THE PROBLEM>
Look for the string "Mercedes" in the listing below and copy every line in which it appears.

RECORDS SUPPLIED below:

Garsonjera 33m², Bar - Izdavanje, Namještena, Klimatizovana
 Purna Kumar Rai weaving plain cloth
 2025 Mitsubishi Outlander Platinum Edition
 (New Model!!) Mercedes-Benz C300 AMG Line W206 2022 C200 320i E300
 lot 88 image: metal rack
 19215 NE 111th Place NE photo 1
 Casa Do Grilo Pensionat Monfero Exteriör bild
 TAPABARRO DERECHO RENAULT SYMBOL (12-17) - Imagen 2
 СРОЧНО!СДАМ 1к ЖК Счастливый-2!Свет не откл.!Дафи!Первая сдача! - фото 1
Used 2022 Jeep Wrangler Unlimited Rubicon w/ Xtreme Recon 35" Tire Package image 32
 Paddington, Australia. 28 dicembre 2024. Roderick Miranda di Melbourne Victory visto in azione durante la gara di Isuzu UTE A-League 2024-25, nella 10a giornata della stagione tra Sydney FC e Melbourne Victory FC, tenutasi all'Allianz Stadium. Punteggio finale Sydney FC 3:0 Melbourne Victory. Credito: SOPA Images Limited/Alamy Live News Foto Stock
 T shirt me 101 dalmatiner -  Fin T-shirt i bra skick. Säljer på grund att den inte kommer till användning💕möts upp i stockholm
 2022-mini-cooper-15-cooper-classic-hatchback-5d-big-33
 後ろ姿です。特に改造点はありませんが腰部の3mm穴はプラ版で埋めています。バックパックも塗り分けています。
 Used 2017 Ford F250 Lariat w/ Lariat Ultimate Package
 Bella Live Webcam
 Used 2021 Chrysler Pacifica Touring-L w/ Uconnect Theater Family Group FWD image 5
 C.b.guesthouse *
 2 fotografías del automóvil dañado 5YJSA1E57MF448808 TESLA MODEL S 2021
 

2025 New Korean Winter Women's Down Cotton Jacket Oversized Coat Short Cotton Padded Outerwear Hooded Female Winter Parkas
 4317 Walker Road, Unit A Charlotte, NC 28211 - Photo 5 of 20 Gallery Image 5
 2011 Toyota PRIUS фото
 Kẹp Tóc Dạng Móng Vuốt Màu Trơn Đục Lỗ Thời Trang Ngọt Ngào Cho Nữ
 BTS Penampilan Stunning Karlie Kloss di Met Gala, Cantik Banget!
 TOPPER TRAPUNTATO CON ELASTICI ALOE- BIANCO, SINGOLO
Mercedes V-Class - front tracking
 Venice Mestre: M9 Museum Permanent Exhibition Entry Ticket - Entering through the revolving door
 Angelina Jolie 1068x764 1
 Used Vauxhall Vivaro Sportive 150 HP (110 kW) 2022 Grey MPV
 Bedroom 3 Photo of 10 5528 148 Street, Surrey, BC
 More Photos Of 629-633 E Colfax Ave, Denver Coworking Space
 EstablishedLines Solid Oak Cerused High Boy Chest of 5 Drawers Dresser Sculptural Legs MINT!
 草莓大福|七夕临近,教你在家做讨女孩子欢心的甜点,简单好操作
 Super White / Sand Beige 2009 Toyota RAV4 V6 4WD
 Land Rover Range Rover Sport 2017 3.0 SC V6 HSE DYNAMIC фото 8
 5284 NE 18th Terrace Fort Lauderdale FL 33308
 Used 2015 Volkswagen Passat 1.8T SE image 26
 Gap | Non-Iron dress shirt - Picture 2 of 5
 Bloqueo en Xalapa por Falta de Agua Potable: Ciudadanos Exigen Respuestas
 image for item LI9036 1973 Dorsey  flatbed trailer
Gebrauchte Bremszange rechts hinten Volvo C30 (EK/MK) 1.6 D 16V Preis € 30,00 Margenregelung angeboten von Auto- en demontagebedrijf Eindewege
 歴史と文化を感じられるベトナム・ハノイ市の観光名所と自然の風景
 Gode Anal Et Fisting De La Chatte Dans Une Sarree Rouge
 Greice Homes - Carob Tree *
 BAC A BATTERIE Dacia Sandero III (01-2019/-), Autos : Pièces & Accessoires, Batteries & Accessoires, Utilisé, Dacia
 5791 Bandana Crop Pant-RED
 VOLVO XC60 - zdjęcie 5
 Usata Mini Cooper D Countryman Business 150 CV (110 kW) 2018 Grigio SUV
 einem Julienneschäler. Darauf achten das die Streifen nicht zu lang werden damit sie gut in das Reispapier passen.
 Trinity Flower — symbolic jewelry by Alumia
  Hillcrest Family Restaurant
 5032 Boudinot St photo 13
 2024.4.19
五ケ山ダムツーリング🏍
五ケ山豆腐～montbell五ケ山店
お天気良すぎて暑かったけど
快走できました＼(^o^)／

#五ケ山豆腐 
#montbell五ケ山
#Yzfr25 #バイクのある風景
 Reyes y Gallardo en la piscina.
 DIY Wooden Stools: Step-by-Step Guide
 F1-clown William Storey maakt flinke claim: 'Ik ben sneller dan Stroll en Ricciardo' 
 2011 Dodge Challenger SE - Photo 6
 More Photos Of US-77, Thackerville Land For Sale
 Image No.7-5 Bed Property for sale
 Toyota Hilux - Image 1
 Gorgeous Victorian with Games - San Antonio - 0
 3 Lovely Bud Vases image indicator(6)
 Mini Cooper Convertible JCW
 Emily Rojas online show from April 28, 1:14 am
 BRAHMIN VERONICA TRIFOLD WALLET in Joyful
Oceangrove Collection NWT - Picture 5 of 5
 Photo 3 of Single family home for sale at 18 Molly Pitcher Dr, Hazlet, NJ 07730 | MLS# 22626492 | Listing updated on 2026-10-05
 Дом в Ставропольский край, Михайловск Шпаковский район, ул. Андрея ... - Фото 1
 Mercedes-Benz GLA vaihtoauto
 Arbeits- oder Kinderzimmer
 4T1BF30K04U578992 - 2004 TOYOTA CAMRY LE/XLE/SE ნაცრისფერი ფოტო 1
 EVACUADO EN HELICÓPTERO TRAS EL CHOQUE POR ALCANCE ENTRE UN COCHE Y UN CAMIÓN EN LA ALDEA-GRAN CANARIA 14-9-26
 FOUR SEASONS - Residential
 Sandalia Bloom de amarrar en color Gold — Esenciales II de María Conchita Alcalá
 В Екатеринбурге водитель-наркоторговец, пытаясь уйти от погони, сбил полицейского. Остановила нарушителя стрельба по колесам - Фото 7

End of RECORDS SUPPLIED.

ANSWER BOX>
 (New Model!!) Mercedes-Benz C300 AMG Line W206 2022 C200 320i E300
Mercedes V-Class - front tracking
 Mercedes-Benz GLA vaihtoauto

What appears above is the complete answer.